Syntax for Additional Indicators of Y (Y2-4).

*These commands reverse the order and relabel the Y2 indicator which has values running from 0-10*.
missing values mbs11_k2 (-99).
compute govact = (((mbs11_k2 * -1) +10)/10).
value labels govact 0 'not act' 1 'gov act'.

*The next four commands recode and relabel the Y3 and Y4 variables*.
recode mbs11_b3 (1=1) (2=0) into goveqch.
value labels goveqch 1 'decent living' 0 'leave alone'.

recode pes11_52b (1=0) (3= .33) (5= .66) (7= 1)into NDPnohurt.
value labels NDPnohurt 0 'strdisagree' .33 'disagree' .66 'agree' 1 'stragree'.

*frequency analysis of Y2-4*.
fre var govact goveqch NDPnohurt.

Some additional explanatory variables (X2-5) of possible interest.

cps11_78  (age)
rgender11  (gender)
cps_intlang11 (language)
cps11_79  (education)

Syntax for additional explanatory variables X2-5* of possible interest.

*Create Age indicator*.
missing values cps11_78 (9998, 9999).
compute age = (2011- cps11_78 ).

*Create gender indicator*.
recode rgender11 (1=0) (5=1) into female.

*Create Language indicator*.
recode cps_intlang11 (1=0) (5=1) into french.

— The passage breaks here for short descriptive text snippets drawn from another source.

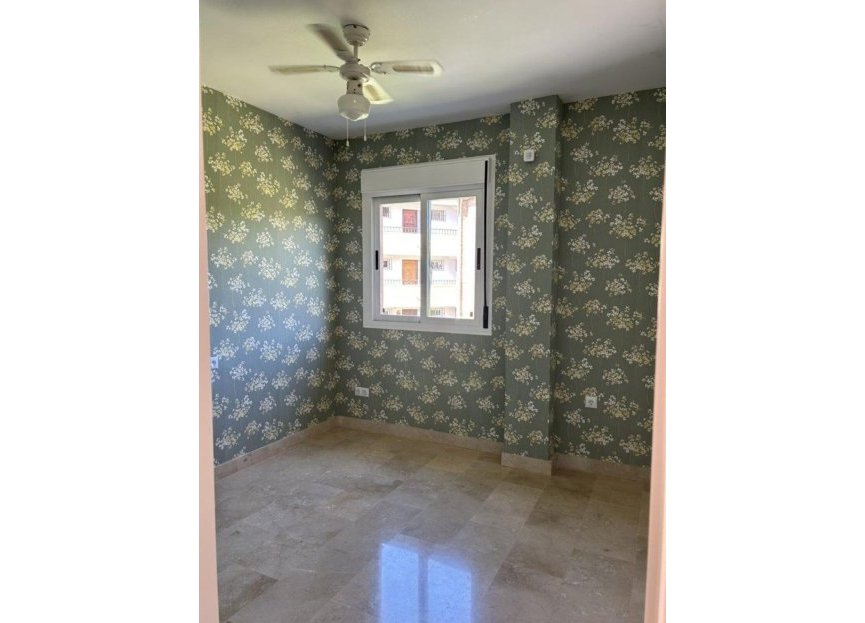 Resale - Apartment - Middle Floor Apartment - Marbella - Marbesa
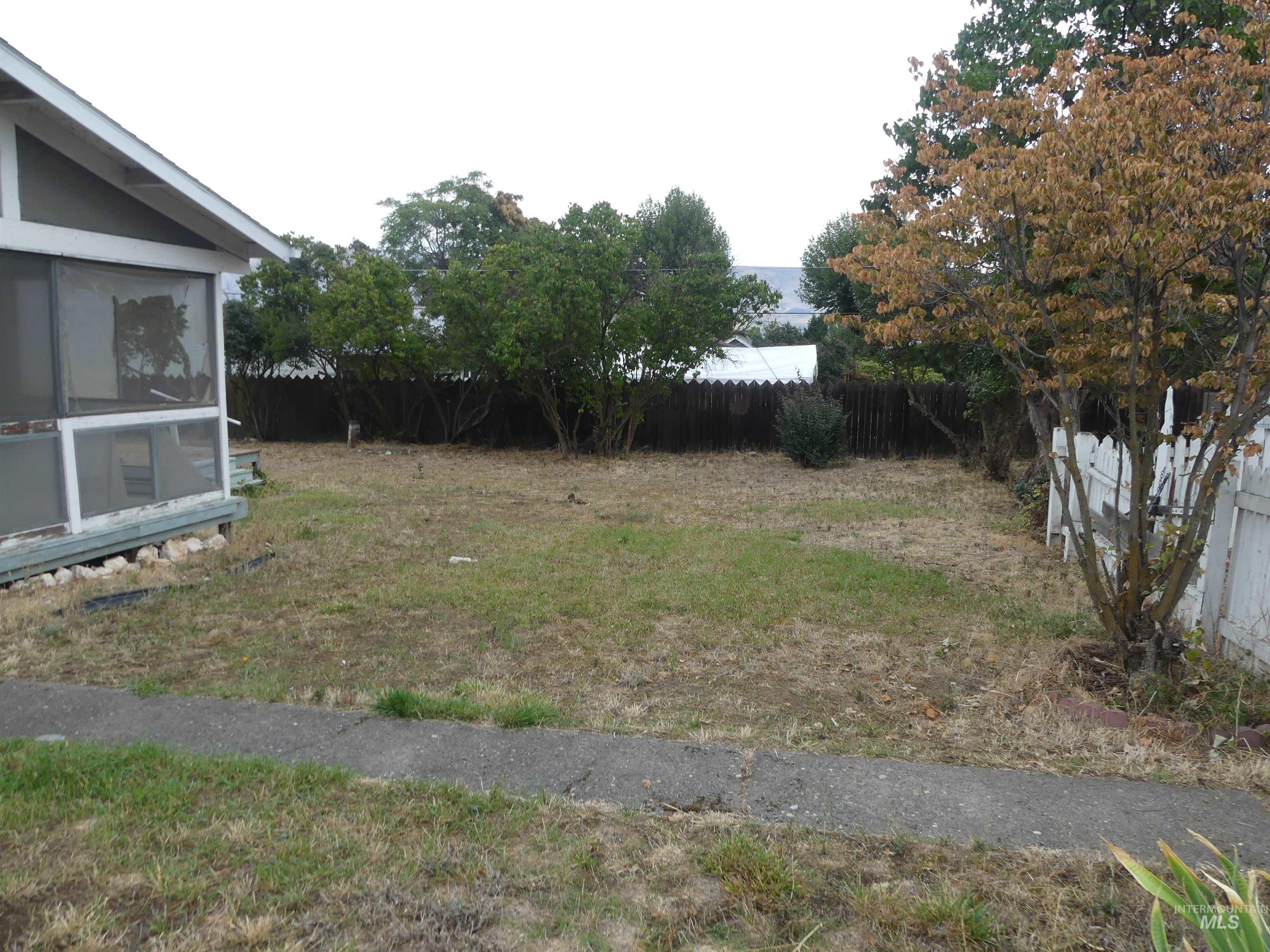 1428 18th St, Lewiston, Idaho 83501, 3 Bedrooms, 1 Bathroom, Residential For Sale, Price $199,000, 99001173
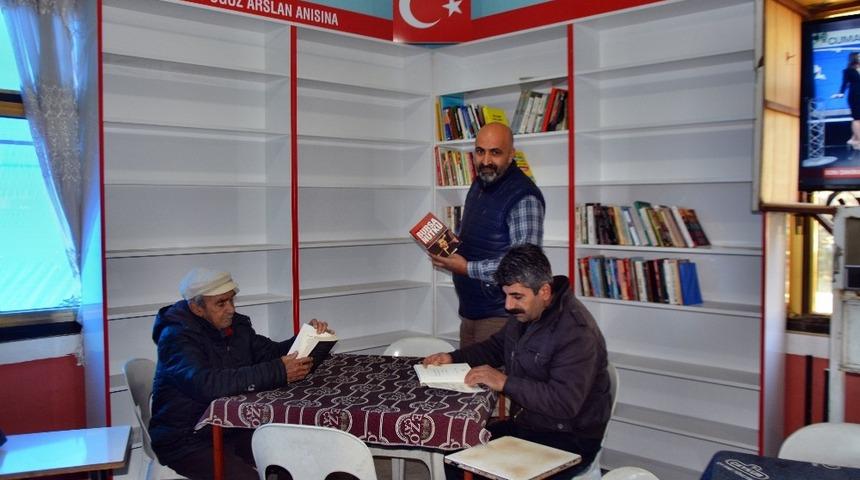 S&ouml;keli kahveci şehidin adına k&uuml;t&uuml;phane oluşturdu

*Some more complex measures X6-7*.
*Create education measure*.
recode cps11_79 ( 1=1) (else = copy) into educ.
value labels educ 1 ' no sch' 2 ' some elem' 3 'compl elem' 4 'some sec'
5 'compl sec' 6 'some tech cc' 7 'compl tech cc' 8 'some univ'
9 ' bach' 10 ' mast' 11 'prof doc' 98 'dk' 99 'ref'.
missing values educ (98,99).
recode educ (1 thru 4 = 1) (5=2) (6,7,8=3) (9=4) (10,11=5) into educ5.
value labels educ5 1 '<sec' 2 'sec' 3 'some post sec' 4 'post sec' 5 'grad sch'.

*Create Income measure*.
missing values cps11_92 (998, 999).
missing values cps11_93 (98,99).
numeric income.
if (cps11_93 =1) or (cps11_92 lt 30) income = 1.
if (cps11_93 =2) or ((cps11_92 ge 30) and (cps11_92 lt 60)) income = 2.
if (cps11_93 =3) or ((cps11_92 ge 60) and (cps11_92 lt 90)) income = 3.
if (cps11_93 =4) or ((cps11_92 ge 90) and (cps11_92 lt 110)) income = 4.
if (cps11_93 =5) or (cps11_92 ge 110) income = 5.
value labels income 1 '<$30k' 2 '$30k-$59k' 3 '$60k-$89k' 4 '$90k-$109k' 5 '$110k+'.

fre var age, female, french, educ, income.